Quise escribir una crónica sobre el Slam de Buenos Aires

Por Sol Fantin

La poesía es algo raro. Pero algo raro que pulula. Si le preguntás a alguien sobre poesía, probablemente responda que no la entiende, que le aburre, o que no le interesa. Si te dice que la poesía es lo suyo, existe un alto riesgo de que no se reivindique lector, sino poeta. Y agarrate, porque ser poeta no suele significar mucho más que una propensión a la verborragia autorreferencial, sensiblera y cursi, más o menos espinetosa según las épocas. O como me dijo un amigo una vez: grotesca. Y sin embargo ahí están los festivales, los concursos, las antologías, las revistas, las lecturas, todo lleno de poesía –que es tenaz, como un yuyo o como un mal chiste.

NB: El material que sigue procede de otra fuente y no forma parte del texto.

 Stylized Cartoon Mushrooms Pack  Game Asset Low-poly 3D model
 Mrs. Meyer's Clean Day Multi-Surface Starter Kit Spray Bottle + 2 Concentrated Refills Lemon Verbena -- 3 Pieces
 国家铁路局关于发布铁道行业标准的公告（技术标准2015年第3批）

Yo me obsesioné con ella desde chiquitita, desde antes de saber leer. Digamos que tuvo algo que ver conmigo durante toda mi vida, porque en algún momento lo decidí así, vaya una a saber por qué. Una vez leí en un artículo de Julia Kristeva que la poesía oscila entre el fascismo y la locura, y creí entender algo sobre mí misma, pero quién sabe. De los versos con rimas asonantes sobre ecología que mi mamá hacía publicar en la revista barrial, pasando por los furiosos sonetos endecasílabos que escribía en la adolescencia, llegué a recitar (para un público reducido de fanáticos religiosos new age) unos versos modernistas dedicados a los dioses, con una túnica y una pista sonora hindú. El deseo de la poesía oral siempre volvía –quería recuperarla de la Antigüedad o de la Edad Media o de donde fuera que había estado –y por eso a los veintialgo me armé un numerito para una varieté de circo en San Telmo: después de un malabarista y antes de un payaso, daba vueltas en el escenario como una boba vestida con harapos de colores y mezclaba Girondo, Pizarnik y versos míos, sobre una canción de Edith Piaf. En fin. No se puede decir que no lo intenté.  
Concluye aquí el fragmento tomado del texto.